Uno de los objetivos que se ha marcado el Gobierno autonómico es que el 'cheque-turista' debe salir antes del final de la presente legislatura.
Así lo entiende el ejecutivo presidido por Juan Vivas, a pesar de que como decíamos la semana pasada, están pendientes del informe definitivo por parte de la Abogacía del Estado del Ministerio de Fomento, que en un principio, en un contacto informal, entendía que no existían problemas.
Lo que si tiene claro el gobierno es que no se puede estar perdiendo más tiempo en este objetivo de traer más turistas a nuestra ciudad y que vendría acompañado con posterioridad con la potenciación en la bajada de distintos productos en relación al IPSI que abonan, de manera que sea atractivo el viaje hasta nuestra ciudad.
El 'cheque-turista', tal y como se formuló en un principio supondría una rebaja de veintidós euros en el precio del billete para el no residente, siempre que luego presentara para obtener ese descuento una compra por el mismo valor en establecimientos de nuestra ciudad.
De esa cantidad de veintidós euros, las navieras abonarían dieciocho, mientras que el Gobierno ceutí pondría dos euros y la misma cantidad los empresarios de nuestra ciudad. Incluso, el mismo presidente de la Confederación de Empresarios de nuestra ciudad, Rafael Montero Avalos, señaló hace un mes aproximadamente que el impacto que tendría esta medida en el comercio ceutí rondaría el millón y medio de euros.
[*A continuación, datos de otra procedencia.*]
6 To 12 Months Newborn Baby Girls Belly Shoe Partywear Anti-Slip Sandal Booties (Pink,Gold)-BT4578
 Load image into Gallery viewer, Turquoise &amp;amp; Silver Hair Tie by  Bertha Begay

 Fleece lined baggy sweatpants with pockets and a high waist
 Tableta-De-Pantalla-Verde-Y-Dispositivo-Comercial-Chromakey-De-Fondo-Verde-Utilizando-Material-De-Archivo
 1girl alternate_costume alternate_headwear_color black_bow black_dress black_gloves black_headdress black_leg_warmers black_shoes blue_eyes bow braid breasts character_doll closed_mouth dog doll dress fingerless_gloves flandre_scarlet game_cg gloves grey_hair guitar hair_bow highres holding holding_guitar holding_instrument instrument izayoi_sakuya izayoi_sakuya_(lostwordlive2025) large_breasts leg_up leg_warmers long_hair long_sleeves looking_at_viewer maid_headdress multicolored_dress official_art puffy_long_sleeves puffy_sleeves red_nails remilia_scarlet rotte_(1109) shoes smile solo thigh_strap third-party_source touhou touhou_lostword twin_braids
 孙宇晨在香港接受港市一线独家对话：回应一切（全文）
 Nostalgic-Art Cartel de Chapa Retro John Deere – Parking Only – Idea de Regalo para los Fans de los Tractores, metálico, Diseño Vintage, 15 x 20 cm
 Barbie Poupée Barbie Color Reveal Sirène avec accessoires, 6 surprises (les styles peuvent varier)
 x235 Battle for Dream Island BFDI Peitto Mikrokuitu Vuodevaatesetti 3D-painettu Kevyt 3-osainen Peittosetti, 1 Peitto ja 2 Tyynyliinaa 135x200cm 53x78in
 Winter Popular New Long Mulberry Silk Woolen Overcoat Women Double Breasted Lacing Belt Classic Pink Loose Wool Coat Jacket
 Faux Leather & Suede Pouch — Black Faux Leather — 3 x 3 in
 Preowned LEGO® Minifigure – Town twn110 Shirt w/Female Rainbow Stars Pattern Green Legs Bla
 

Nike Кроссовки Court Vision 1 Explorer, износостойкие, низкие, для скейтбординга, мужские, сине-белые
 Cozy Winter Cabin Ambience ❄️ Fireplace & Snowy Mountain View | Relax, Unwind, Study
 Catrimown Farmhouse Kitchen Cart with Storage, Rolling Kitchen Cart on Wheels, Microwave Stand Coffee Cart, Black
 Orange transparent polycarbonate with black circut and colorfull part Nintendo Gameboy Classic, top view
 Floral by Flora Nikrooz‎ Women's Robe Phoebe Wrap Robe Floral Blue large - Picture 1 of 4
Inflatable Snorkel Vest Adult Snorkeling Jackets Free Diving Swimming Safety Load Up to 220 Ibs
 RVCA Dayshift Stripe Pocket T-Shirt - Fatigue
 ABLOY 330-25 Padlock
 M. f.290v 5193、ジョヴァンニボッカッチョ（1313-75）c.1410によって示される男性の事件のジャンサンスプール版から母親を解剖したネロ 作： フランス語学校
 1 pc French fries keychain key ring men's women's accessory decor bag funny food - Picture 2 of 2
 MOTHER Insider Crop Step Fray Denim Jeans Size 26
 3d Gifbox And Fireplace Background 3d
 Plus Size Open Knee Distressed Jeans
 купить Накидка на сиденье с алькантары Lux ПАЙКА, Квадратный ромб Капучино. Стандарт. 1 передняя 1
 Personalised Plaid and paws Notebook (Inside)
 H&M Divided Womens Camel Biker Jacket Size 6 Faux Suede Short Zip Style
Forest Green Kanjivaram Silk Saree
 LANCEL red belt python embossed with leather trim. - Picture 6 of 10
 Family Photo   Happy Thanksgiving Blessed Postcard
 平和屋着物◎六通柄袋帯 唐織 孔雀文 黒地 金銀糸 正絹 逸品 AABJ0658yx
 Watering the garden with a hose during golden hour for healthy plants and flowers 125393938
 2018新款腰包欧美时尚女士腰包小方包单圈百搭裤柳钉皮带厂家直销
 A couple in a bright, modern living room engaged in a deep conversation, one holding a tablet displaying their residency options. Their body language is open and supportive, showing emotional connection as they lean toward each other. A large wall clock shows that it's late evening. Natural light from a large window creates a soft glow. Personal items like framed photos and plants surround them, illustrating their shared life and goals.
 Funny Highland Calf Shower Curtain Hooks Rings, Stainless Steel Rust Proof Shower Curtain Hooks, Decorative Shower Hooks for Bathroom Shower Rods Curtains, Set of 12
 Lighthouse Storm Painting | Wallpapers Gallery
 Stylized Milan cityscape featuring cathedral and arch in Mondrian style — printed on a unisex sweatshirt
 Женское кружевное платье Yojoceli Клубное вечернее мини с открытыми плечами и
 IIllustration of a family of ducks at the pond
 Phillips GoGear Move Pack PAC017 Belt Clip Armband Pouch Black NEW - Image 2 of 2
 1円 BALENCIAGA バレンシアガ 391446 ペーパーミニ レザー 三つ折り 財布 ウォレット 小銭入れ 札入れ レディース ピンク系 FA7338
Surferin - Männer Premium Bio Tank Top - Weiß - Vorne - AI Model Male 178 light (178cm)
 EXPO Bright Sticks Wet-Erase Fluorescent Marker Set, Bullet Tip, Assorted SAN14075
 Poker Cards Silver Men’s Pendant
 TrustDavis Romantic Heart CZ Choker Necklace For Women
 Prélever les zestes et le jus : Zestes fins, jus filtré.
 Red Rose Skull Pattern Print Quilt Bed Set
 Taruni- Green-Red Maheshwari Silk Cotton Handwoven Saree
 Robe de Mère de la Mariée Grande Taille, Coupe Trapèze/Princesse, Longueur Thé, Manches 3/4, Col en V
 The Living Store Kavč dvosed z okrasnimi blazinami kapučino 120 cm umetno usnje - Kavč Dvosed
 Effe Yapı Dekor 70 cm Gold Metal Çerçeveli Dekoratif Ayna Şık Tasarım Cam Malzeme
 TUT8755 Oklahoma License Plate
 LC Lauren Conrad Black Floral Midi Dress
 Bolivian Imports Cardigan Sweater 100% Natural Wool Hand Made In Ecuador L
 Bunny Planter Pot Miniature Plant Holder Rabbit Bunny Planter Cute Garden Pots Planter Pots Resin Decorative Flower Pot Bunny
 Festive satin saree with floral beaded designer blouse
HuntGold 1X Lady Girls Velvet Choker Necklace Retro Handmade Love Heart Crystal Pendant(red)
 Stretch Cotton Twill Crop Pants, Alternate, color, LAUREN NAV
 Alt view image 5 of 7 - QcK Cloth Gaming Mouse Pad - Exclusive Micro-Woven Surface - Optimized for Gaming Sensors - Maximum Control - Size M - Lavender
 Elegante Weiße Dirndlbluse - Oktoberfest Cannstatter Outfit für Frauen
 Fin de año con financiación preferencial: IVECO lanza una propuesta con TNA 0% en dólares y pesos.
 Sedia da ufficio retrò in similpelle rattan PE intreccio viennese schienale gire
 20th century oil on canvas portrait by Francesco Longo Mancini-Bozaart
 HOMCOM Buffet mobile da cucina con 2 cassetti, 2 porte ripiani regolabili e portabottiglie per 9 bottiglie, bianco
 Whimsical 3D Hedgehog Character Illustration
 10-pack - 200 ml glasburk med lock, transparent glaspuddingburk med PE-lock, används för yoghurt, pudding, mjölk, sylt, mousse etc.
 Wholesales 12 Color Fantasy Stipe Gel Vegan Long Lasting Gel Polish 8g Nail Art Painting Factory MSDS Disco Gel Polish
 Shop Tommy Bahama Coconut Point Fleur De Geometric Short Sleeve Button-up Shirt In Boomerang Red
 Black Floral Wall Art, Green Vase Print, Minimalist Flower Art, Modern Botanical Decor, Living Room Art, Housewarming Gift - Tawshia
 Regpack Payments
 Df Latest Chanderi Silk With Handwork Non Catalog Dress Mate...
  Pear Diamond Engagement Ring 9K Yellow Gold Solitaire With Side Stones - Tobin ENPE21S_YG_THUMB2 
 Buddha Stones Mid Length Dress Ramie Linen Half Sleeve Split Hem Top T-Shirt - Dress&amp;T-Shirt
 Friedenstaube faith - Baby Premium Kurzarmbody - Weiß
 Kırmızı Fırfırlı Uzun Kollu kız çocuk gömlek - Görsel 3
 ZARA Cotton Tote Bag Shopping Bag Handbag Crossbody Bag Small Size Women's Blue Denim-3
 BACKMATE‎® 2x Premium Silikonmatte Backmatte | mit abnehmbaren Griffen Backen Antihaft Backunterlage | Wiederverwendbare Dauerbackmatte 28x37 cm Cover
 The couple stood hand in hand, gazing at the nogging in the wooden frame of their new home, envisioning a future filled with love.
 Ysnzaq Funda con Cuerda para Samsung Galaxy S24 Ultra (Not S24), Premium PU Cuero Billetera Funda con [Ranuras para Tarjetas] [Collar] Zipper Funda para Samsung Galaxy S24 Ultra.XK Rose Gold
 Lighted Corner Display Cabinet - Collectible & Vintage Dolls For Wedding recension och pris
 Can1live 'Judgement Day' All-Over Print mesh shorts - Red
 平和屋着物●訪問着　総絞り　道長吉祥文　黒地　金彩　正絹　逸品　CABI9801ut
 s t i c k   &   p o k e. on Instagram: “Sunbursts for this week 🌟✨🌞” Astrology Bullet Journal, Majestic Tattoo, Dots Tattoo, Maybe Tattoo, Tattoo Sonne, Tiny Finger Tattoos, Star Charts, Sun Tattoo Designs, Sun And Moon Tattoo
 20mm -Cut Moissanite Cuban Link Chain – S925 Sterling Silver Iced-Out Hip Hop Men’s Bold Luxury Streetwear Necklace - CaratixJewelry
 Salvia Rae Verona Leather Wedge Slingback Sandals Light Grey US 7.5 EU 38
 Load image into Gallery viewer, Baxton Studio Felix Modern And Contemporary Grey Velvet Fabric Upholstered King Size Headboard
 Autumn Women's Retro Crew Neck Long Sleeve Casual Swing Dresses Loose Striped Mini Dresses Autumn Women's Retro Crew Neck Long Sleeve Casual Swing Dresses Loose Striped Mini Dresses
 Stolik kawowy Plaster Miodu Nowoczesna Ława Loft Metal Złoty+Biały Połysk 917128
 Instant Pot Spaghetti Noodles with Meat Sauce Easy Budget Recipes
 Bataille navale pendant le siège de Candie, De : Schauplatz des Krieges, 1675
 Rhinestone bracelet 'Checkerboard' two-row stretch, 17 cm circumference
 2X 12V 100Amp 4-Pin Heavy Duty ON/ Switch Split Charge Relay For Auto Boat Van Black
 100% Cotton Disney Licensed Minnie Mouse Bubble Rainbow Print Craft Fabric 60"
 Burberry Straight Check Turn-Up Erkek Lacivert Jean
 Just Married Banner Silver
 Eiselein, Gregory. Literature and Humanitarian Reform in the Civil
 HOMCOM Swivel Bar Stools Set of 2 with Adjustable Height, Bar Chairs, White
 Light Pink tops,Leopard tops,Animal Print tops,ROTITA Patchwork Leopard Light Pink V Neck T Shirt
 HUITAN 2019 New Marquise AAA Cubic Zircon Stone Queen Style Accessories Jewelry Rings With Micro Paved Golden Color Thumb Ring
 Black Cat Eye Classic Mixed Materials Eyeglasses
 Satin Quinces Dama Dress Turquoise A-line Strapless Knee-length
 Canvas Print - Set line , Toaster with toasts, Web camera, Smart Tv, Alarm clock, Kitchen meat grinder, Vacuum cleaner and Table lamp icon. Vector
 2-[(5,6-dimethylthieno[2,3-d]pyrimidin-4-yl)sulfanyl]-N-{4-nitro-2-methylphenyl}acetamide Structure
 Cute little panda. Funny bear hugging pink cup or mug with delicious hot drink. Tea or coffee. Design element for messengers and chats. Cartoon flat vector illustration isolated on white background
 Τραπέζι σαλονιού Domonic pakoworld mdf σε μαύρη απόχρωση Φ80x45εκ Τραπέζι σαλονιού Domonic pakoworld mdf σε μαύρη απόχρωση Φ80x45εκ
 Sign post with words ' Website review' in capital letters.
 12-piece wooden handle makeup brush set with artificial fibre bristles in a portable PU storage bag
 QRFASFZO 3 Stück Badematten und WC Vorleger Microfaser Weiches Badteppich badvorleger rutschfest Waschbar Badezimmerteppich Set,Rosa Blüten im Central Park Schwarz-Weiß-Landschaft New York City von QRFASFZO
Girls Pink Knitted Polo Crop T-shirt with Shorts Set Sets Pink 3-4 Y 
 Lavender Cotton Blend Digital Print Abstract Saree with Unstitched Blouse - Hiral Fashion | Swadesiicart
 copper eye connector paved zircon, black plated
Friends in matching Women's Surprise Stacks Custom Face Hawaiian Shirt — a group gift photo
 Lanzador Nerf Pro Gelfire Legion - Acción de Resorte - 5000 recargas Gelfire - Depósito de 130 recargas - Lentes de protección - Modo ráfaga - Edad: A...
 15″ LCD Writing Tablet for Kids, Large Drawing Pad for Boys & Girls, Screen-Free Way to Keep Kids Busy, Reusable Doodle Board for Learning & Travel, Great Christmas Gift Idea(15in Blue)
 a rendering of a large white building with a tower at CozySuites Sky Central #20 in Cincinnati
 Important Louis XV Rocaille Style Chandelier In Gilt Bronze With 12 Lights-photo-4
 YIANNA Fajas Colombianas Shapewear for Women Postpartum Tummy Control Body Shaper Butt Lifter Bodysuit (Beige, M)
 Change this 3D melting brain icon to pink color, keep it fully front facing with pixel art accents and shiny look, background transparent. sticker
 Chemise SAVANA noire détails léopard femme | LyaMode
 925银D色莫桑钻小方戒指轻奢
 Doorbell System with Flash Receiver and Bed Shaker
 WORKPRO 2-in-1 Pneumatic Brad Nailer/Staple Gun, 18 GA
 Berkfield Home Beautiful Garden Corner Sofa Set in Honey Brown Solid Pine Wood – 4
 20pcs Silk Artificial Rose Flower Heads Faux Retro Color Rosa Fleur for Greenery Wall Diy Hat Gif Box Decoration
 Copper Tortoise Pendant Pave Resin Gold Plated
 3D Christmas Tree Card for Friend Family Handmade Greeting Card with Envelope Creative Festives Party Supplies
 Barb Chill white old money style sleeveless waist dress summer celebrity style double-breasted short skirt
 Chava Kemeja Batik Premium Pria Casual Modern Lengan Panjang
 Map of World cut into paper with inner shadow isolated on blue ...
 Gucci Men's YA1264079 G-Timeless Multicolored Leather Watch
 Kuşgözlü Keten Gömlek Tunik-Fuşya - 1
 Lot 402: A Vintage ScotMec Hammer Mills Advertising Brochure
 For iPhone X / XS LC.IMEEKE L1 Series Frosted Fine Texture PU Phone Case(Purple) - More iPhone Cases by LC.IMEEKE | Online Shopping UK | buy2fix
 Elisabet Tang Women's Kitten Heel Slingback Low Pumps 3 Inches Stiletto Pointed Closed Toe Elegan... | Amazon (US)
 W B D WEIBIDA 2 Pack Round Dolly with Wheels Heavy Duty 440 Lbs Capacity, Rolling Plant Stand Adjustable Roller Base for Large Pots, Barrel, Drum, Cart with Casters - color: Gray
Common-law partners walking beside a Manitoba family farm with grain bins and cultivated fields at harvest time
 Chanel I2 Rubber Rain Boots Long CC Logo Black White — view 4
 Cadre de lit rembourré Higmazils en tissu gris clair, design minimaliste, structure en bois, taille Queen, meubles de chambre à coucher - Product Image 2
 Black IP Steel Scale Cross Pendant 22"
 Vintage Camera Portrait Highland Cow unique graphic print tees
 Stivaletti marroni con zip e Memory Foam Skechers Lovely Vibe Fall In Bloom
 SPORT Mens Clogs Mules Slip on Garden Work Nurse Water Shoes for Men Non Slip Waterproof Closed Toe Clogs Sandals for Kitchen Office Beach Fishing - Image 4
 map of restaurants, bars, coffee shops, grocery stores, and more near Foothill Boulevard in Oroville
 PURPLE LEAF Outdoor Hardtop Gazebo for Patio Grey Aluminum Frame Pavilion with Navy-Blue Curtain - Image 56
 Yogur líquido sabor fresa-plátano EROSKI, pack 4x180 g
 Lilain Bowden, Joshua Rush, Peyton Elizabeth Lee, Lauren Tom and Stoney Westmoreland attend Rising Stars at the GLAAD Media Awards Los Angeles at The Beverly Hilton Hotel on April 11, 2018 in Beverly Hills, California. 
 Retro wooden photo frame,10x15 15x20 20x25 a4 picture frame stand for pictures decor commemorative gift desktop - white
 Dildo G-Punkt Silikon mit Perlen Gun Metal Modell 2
El objetivo que se busca es doble: por un lado, que existan tarifas que permitan la llegada a Ceuta de personas que de alguna manera estén relacionadas con nuestra ciudad, como son el caso de familiares de residentes, de ceutíes que tienen familia pero que ya no residen aquí, eco... y con ello, se aprovecha para atraer a otro tipo de turismo peninsular.
Lo que si parece claro es que Procesa está ultimando el convenio que se rubricaría entre todas las partes y que el proyecto se pondría en marcha a lo largo del mes de mayo. De las tres compañías que navegan entre Ceuta y Algeciras, en el caso de Balearia, la misma ha sido la que más interés ha mostrado en sumase al proyecto siempre que se contara con las bendiciones por parte del Ministerio de Fomento, a la vez que Acciona-Trasmediterránea tampoco ve con malos ojos la posibilidad y la única que no se ha pronunciado ha sido FRS.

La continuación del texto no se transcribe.